Volunteers and Nonprofits
Lucy in her post also briefly mentions new approaches to bringing in volunteers for organizations--particularly since in this economy volunteers may be highly transient, the question then becomes are there ways in which an organization can make short-term use, possibly even online, of new volunteers? She mentions the Jayne Blog where the idea of "crowd-sourcing" volunteer projects is discussed. I think that this could be very useful for museums in terms of lessening the time-cost of social media projects, for example by having other people upload photos of museum events and so on, but obviously this kind of volunteering can never help with the real hands-on needs of museums, such as giving tours or helping with collections. But maybe I'm wrong. Maybe in the future it will be just as useful for volunteers to make podcast tours or "tag" collections.
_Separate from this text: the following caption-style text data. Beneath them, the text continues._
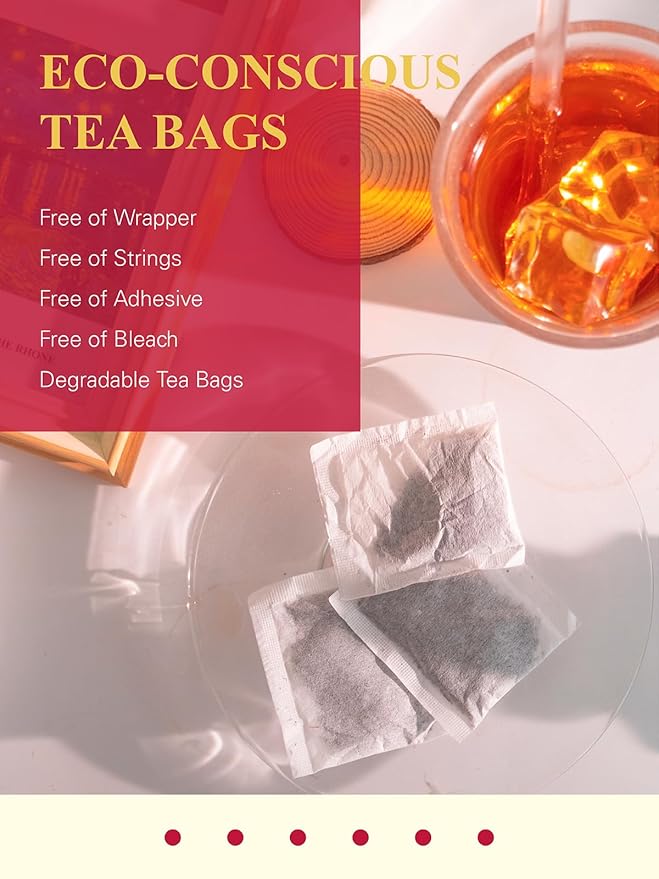 GLDNT Organic Decaf Black Tea Bags, Organic Black Tea Decaffeinated, Smooth Taste, Iced & Hot Tea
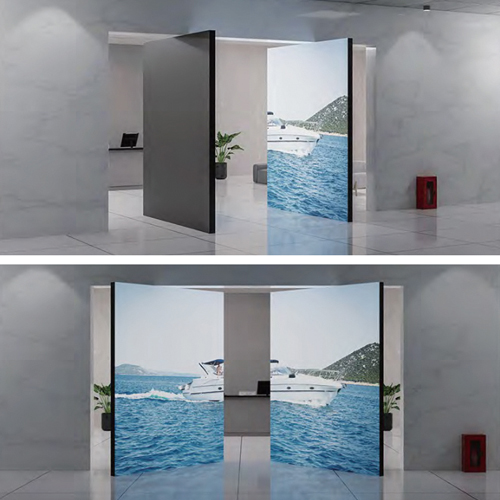 1709781171581862.jpg 6中間旋轉(zhuǎn)開合款電動LED屏開合門.jpg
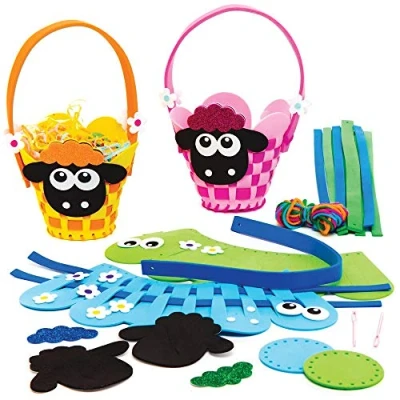 Afbeelding van Baker Ross pluizig schaap korfvlechten knutselsets voor kinderen (4 stuks) creatieve sets om te knutselen en decoreren de lente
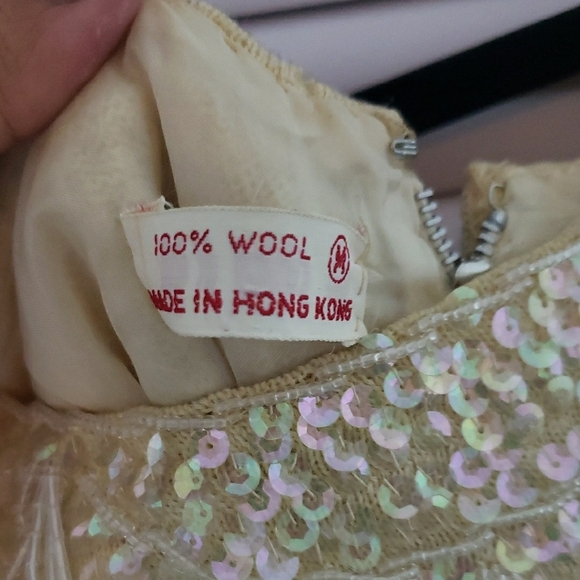 Cream Sequin Embellished Sleeveless Tank Top-1960s - Picture 9 of 13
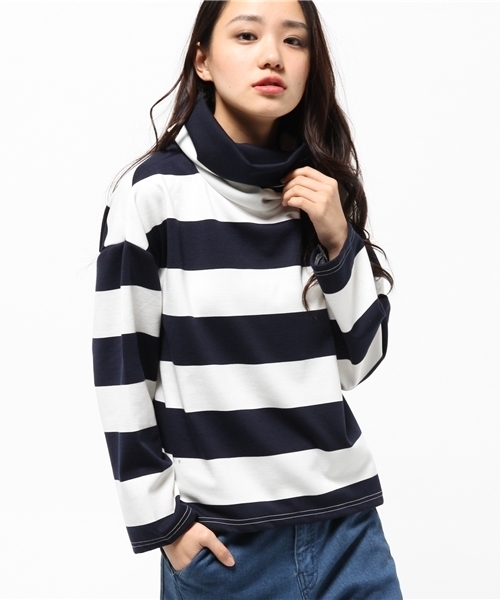 CIAOPANIC（チャオパニック）の「【Ciaopanic】ビッグボーダーオフタートル（Tシャツ/カットソー・レディース・グレー/ネイビー・FREE）」の2枚目の写真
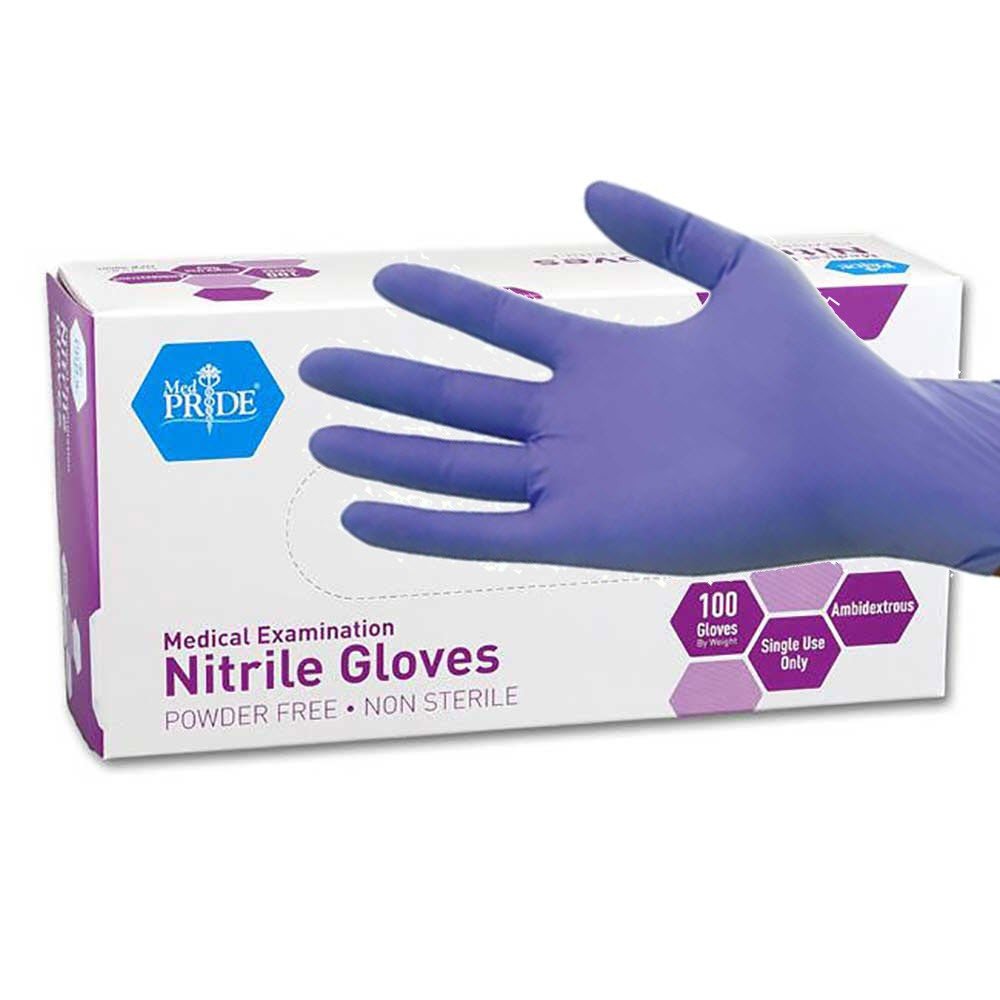 MedPride protective gloves — powder-free nitrile exam gloves in iris blue, medium, box of 100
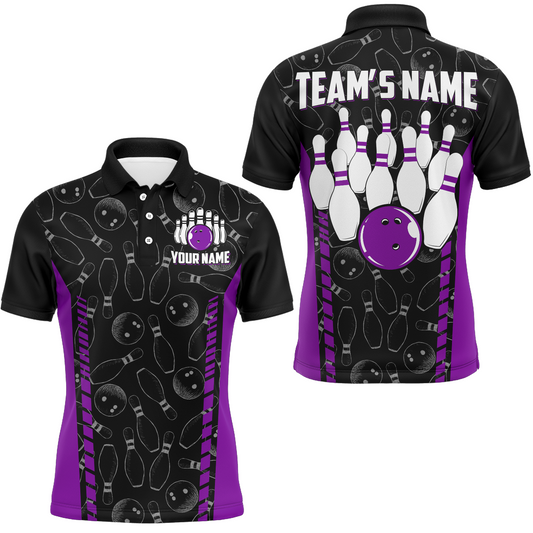 Custom Bowling Jersey For Men Seamless Pattern Bowling Shirt Team Bowling Polo Shirt BDT302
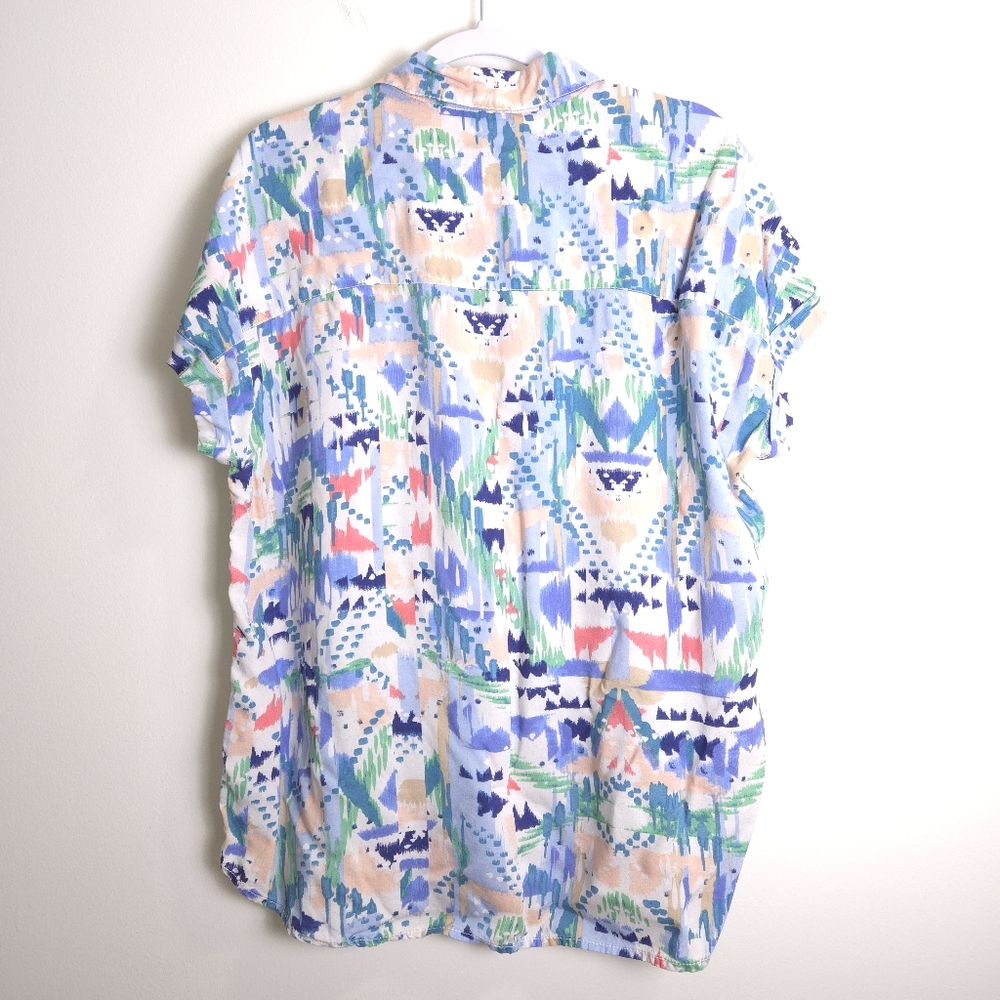 BEACHLUNCHLOUNGE Geometric Multicolor Short Sleeve Blouse Top XL - Picture 4 of 9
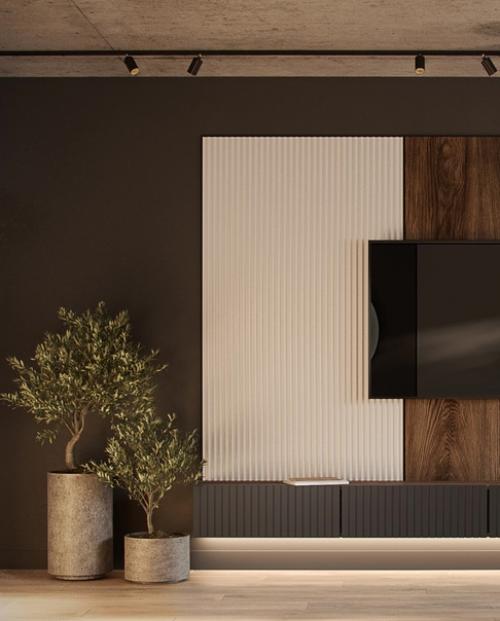 Брутальная кухня - гостиная. 08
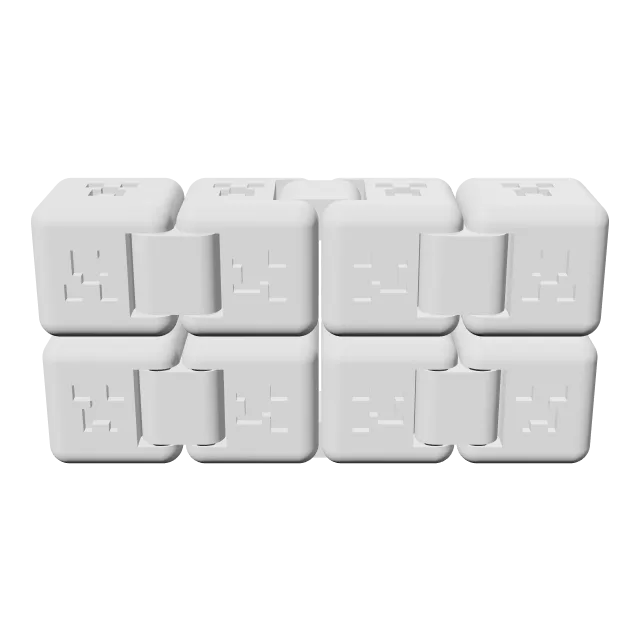 Minecraft Creeper Infinity Cube – 360° preview, front view, drawn from the designer's file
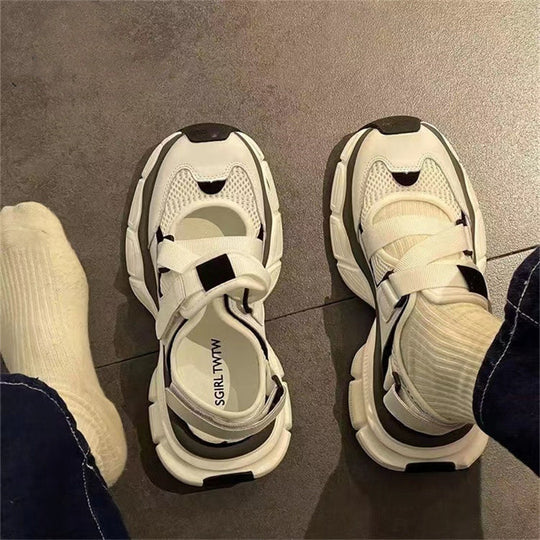 Damen Sportliche Sneaker mit atemberaubendem Design und verstellbaren Riemen EB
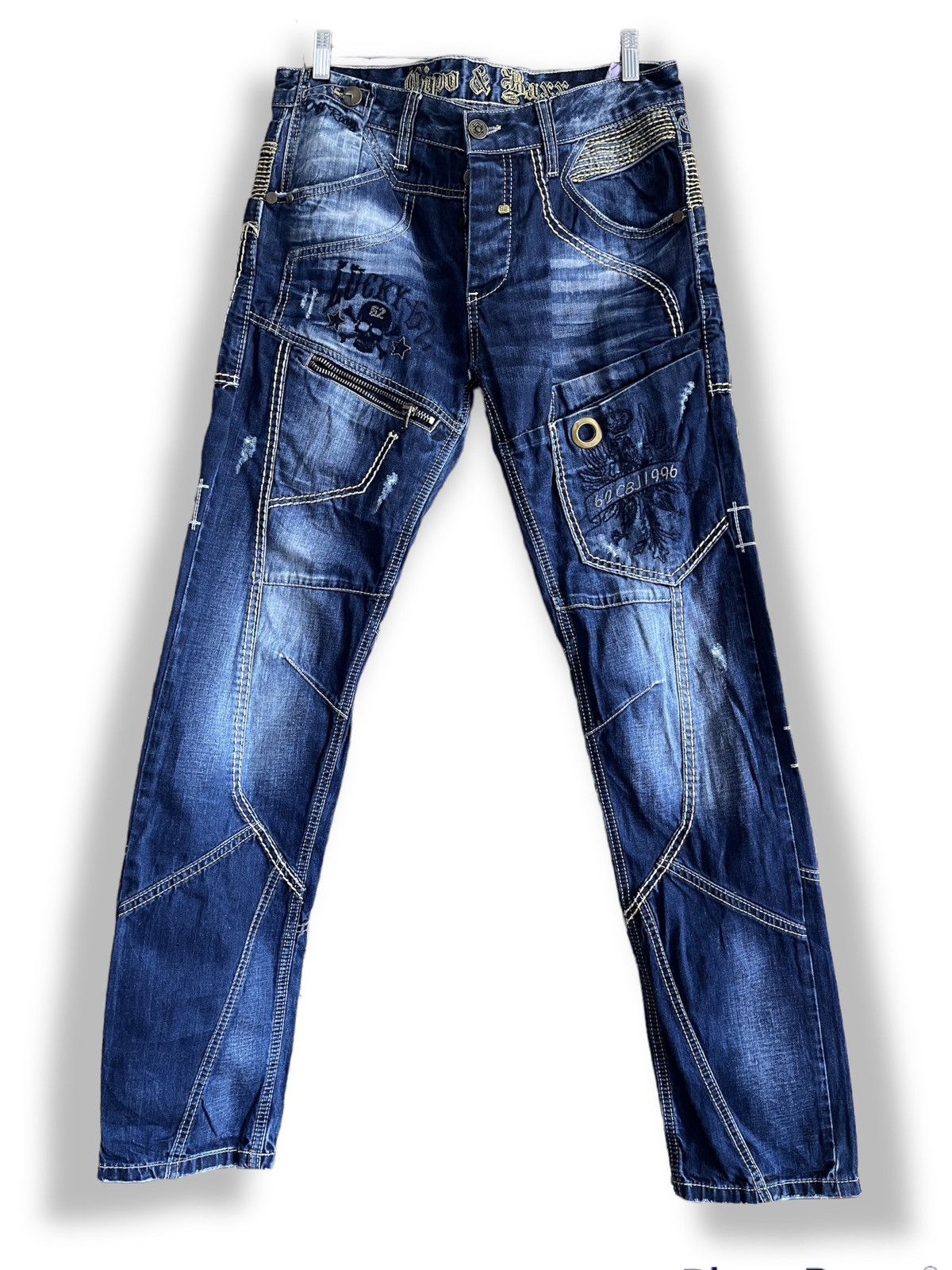 image of Japan Punk Drift Racing Cipo Baxx Denim Skull Buttons Jeans in Blue, Men's (Size 32)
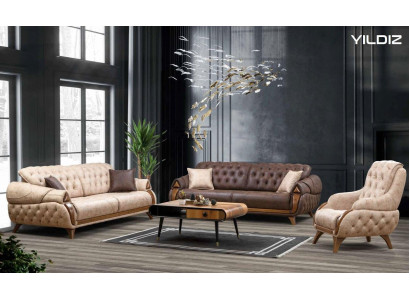 Sofa 3 miejsce do siedzenia Sofy Skóra Trzyosobowa Podkładka Design Living Room Meble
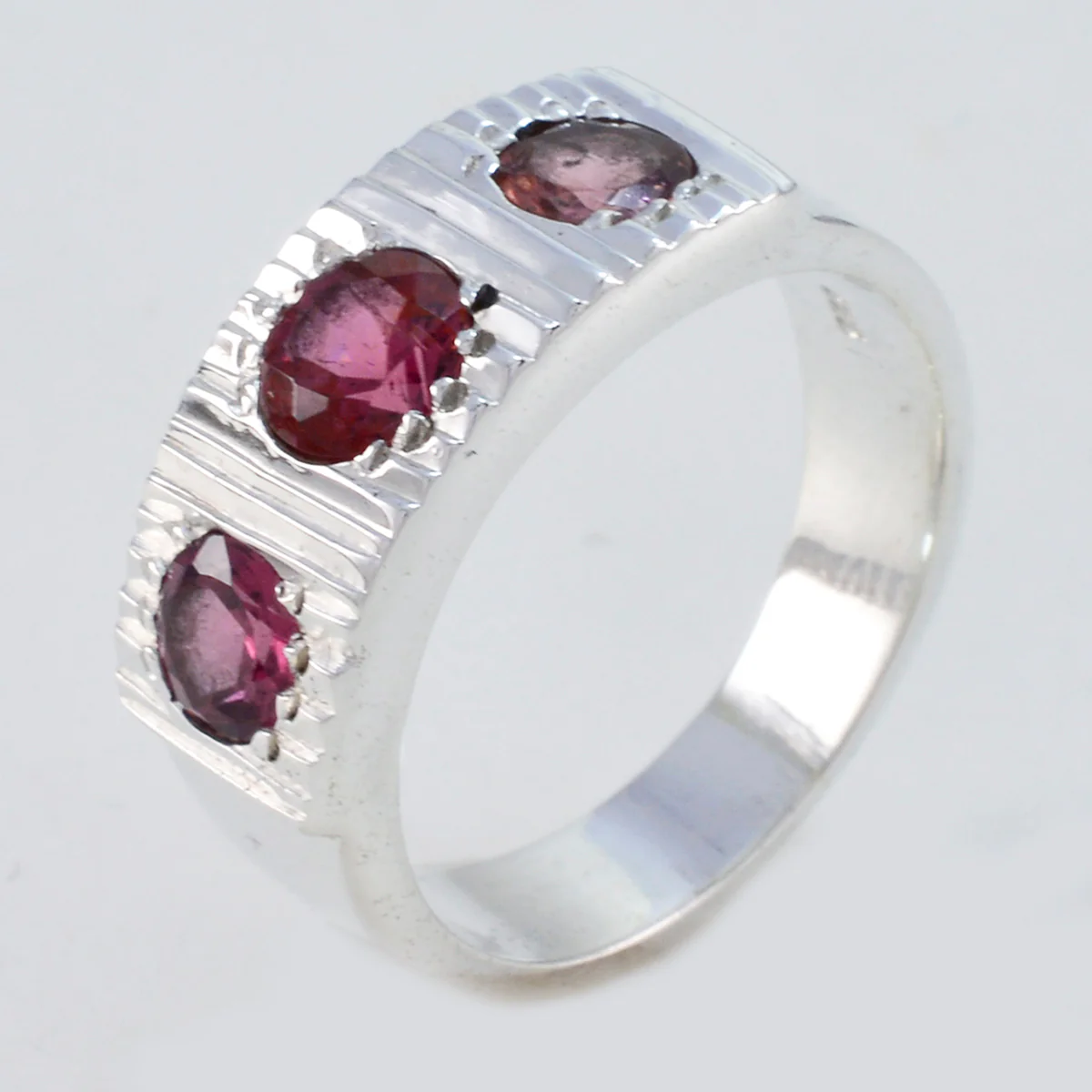 Garnet Trilogy Indian Sterling Silver Red Gems Minimal Boho Ring Jewellery - Image 2
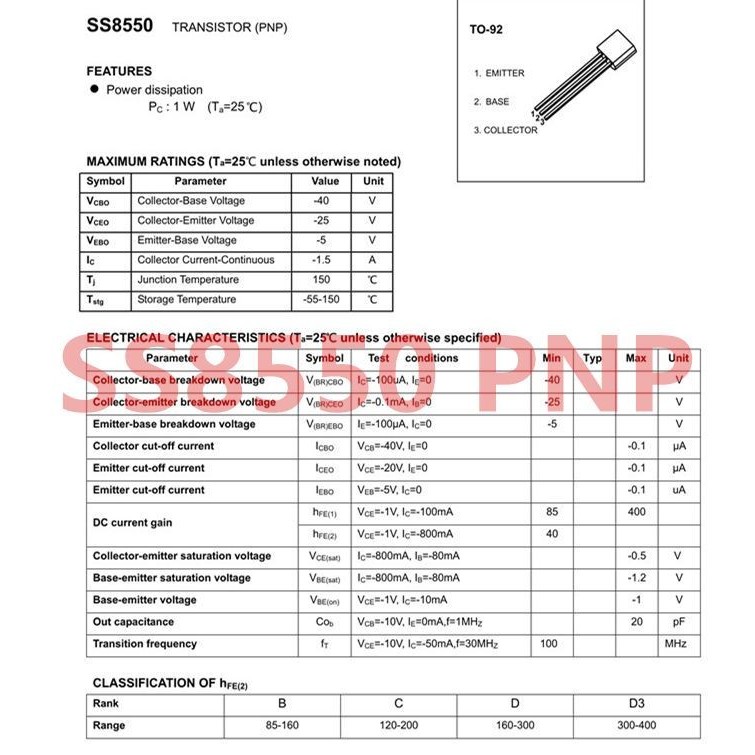 Triode S8050 SS8050 S8550 SS8550 NPN / PNP Loại Transistor Cắm In-Line T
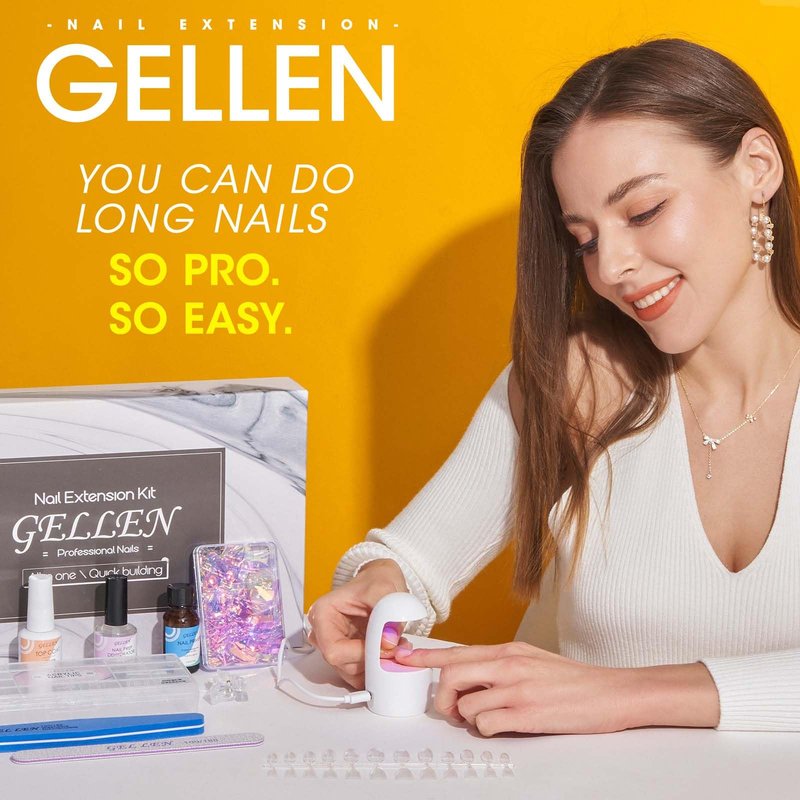 Gellen Gel Nail Kit Stiletto Nail Extension Kit 240pcs Long Almond 12 Sizes Acrylic Nail Tips Kit with Everything Nail Glue Gel U V Nail Lamp for Women Salon Nail Art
This takes me to the third topic raised by Lucy's post:
"Minimum Viable Product"
Lucy describes "minimum viable product" as the products that go to market with only the most basic features, but with the intention of engaging in an iterative process of further developing these products through listening to the needs and desires of the consumers and watching how consumers use these products. What does crowdsourcing volunteer projects have to do with minimum viable product? Well, because in an ideal world, a museum's forays into social media would count as a minimum viable product, with volunteers and members and hey, even just the general public coming together to crowdsource the content and helping to turn the museum's blog, Flickr presence and so on into a rich dialogue. At the heart of it all, this is really just about expanding the lines of communication.